La giustizia dovrebbe svegliarsi e occuparsene, ma quelli si sono così bene organizzati che «prima o poi renderanno assolutamente necessario che il governo li annienti». Abolire per legge i Jobbers, prosegue Defoe, era però difficile, perché, come gli aveva spiegato uno di loro, bisognava che prima «il Governo estinguesse anticipatamente tutto il debito pubblico» e non dovesse più ricorrere al credito. Cosa assai improbabile, dato il disperato bisogno di soldi per finanziare le varie guerre in atto. Tutto questo sembra molto lontano dalla realtà di oggi e le parole di Defoe avrebbero dunque poco o nulla di utile da dirci.
Non è proprio così, ci spiega Filippo Annunziata nella sua ampia e documentatissima prefazione ai due pamphlets. Defoe capisce infatti assai bene quali sono i meccanismi che devono caratterizzare il funzionamento di mercati efficienti. In particolare c’è un aspetto nella sua disamina degli espedienti con i quali si indirizzano in modo truffaldino i movimenti del mercato azionario, che non può non interessare anche il lettore di oggi. «Il merito di Defoe – scrive Annunziata – risiede nell’avere colto il rilievo che l’informazione riveste per il buon andamento del mercato e avere mostrato come il suo uso distorto possa determinarne le sorti più di quanto non possano fare dati economici fondamentali».
Con quasi tre secoli di anticipo, Defoe invocava cioè la necessità di quelle misure che in Europa, a partire dalla fine degli anni Ottanta, hanno regolamentato la repressione del cosiddetto insider training. E si scagliava inoltre contro quei comportamenti che oggi rientrano nella fattispecie della «manipolazione del mercato», in particolare quelli che consistono nella diffusione di informazioni false, ingannando il pubblico e inquinandola formazione dei prezzi.
Le disposizioni ora esistenti avrebbero di sicuro trovato il consenso di Defoe; che tuttavia, possiamo immaginare, le avrebbe volute ben più severe. Ai suoi occhi, gli Stock-Jobbers che manipolavano il mercato erano diecimila volte peggiori dei banditi di strada. «Questi manigoldi – scriveva Defoe – rubano in condizioni di piena sicurezza; invece i rapinatori corrono grandi pericoli e spesso mettono a rischio la propria vita, essendo peraltro certi che, prima o poi, saranno presi e impiccati. Invece gli Stock-Jobbers rubano mettendo a rischio soltanto la loro reputazione (che, in genere, è comunque andata persa già prima che comincino) e la loro anima, in merito alla quale non vale neanche la pena parlare».

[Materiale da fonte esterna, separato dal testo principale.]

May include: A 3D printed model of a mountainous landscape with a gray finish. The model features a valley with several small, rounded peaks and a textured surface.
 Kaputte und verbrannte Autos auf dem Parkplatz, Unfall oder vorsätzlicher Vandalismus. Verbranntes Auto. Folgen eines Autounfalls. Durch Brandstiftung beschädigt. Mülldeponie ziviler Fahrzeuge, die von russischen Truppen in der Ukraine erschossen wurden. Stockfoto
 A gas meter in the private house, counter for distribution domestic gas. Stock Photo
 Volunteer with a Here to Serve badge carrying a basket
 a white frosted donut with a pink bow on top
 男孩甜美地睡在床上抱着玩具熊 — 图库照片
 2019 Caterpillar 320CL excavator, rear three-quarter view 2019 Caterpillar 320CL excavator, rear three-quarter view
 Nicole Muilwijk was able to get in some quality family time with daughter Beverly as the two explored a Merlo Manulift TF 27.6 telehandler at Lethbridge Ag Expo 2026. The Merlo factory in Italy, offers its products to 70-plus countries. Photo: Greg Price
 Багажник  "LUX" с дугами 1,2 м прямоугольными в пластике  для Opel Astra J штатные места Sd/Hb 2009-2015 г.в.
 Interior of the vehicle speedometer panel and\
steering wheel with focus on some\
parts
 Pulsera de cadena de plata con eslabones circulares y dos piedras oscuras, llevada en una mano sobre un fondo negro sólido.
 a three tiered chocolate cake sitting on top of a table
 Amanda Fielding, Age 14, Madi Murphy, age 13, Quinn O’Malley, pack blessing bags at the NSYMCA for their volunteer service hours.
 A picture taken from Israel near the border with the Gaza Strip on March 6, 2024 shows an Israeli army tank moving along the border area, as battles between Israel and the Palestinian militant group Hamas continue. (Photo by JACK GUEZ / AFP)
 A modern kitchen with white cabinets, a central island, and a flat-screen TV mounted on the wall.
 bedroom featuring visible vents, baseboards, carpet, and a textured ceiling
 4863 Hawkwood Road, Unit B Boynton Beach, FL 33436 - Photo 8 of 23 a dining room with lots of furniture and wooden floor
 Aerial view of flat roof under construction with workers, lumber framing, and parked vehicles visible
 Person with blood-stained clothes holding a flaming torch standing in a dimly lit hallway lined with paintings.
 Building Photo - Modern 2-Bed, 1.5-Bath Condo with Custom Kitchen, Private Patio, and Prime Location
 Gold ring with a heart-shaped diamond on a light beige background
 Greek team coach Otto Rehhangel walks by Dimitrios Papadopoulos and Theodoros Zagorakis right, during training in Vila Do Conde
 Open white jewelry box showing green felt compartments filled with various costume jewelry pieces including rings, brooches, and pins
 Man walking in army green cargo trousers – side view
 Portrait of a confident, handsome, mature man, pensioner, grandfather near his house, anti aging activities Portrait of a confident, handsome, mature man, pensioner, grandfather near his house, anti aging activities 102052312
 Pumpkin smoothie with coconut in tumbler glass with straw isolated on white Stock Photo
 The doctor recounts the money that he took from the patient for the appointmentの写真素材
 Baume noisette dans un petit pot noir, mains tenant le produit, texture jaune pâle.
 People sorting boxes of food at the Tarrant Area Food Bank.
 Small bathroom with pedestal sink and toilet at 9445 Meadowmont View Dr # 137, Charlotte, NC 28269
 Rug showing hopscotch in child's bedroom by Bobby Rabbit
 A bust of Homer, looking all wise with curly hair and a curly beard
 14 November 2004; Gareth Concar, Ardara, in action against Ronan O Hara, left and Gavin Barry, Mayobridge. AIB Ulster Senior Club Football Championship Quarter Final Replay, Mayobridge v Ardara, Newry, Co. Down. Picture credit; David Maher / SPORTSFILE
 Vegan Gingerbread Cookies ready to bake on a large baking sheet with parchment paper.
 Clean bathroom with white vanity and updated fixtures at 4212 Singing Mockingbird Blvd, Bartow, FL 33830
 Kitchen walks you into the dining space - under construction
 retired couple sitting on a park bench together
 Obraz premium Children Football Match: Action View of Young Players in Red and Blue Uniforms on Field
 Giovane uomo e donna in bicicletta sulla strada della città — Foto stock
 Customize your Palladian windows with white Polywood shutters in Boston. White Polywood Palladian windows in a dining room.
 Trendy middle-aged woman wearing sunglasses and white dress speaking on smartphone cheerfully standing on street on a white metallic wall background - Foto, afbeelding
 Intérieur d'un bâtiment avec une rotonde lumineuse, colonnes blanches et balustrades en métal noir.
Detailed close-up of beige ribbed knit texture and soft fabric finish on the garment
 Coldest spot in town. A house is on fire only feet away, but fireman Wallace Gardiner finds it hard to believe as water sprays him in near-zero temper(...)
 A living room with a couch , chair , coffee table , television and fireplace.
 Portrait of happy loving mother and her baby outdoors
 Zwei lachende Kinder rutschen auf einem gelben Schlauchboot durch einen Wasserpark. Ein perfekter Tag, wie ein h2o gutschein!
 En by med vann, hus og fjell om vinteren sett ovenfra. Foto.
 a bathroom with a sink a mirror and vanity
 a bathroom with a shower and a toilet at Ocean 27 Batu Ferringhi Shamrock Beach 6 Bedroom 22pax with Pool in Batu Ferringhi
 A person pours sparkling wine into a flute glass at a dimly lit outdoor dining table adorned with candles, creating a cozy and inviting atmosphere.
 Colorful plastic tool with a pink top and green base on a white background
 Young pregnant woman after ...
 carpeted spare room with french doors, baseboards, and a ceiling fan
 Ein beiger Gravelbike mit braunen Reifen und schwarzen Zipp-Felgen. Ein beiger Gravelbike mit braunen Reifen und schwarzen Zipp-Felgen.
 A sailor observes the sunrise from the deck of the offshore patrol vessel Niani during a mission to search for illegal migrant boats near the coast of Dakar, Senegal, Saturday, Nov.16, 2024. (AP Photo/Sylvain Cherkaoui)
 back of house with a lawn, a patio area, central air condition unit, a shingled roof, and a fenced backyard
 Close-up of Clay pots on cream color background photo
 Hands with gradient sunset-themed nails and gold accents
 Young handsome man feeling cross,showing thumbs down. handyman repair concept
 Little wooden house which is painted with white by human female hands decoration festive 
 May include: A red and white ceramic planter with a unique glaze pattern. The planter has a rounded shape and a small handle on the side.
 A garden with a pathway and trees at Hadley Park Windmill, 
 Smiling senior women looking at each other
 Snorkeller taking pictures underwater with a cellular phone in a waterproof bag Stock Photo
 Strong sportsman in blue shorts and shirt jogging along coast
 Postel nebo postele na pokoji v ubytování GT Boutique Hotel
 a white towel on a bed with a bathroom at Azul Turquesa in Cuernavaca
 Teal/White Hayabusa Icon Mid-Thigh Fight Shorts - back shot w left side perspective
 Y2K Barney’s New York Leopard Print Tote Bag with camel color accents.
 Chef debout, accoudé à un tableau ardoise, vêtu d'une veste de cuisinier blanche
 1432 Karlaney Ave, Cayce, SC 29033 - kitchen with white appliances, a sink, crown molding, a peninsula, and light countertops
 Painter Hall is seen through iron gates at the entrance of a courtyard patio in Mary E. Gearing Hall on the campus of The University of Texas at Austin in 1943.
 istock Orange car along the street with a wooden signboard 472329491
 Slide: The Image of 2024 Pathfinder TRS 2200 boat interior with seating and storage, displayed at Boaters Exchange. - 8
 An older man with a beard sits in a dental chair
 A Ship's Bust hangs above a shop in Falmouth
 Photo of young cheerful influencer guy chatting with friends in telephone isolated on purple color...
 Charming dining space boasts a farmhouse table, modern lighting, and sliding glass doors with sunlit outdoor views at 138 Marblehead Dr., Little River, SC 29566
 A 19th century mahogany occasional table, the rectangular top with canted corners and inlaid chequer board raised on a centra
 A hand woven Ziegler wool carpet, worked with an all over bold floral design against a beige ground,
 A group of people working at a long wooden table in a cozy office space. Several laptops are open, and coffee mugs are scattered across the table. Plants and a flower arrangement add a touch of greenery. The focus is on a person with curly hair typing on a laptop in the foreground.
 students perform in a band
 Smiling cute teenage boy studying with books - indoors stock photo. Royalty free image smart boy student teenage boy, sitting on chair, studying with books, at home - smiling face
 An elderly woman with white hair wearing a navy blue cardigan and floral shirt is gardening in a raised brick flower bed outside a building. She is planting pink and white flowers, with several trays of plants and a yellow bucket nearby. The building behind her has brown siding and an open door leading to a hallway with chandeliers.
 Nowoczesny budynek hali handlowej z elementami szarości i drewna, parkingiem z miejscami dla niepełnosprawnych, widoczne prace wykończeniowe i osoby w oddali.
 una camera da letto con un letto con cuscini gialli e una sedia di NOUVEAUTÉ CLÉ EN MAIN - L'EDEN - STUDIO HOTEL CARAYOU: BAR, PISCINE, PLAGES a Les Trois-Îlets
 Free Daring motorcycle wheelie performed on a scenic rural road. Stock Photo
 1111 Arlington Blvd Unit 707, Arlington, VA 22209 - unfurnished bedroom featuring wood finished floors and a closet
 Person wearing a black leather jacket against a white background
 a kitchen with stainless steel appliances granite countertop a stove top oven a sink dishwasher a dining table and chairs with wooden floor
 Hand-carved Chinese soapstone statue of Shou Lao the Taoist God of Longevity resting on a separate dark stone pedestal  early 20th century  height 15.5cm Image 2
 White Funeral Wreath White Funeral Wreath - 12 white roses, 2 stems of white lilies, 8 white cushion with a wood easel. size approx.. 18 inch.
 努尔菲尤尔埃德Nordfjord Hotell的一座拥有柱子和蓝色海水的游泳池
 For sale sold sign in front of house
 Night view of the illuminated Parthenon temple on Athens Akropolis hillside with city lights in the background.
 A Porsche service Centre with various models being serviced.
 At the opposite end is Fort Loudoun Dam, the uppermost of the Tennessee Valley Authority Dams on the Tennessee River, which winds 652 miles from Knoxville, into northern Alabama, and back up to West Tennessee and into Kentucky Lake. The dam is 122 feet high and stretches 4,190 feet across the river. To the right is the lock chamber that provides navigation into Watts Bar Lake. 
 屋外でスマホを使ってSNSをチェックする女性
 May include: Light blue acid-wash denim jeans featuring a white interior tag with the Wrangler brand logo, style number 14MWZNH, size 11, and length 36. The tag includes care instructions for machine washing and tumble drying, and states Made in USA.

Defoe era un dissenter, seguace cioè di una dottrina religiosa che per alcuni aspetti dogmatici non era molto lontana dal calvinismo. Al tempo stesso (e le due cose andavano in sintonia) era un borghese convinto della bontà assoluta dei valori borghesi. In cielo Dio, sulla terra i commerci, che sono anche un modo di realizzare la volontà divina. Ma nel pieno rispetto della legge morale e delle leggi.
Chi le vìola merita di essere dannato da morto, ma, prima, incarcerato da vivo. Se pensiamo alle Borse di oggi (e alle nostre Banche), non possiamo non sentire la mancanza di un dissenter come Defoe.